### What is required
Give all of the listing again word for word, with images excluded.

### Supplied data
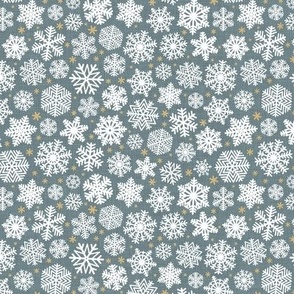 Let It Snow- Snowflakes on Linen Texture Background- Slate Blue- Gray- Grey- Winter- Holidays- Christmas- Multidirectional- SMini- Hanukkah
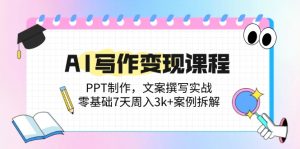 AI写作变现课程内容：PPT制做，文案撰写实战演练，零基础7天周入3k 实例拆卸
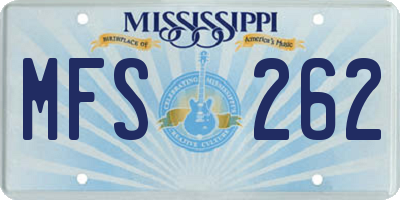 MS license plate MFS262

### Written solution
 Let It Snow- Snowflakes on Linen Texture Background- Slate Blue- Gray- Grey- Winter- Holidays- Christmas- Multidirectional- SMini- Hanukkah
 AI写作变现课程内容：PPT制做，文案撰写实战演练，零基础7天周入3k 实例拆卸
 MS license plate MFS262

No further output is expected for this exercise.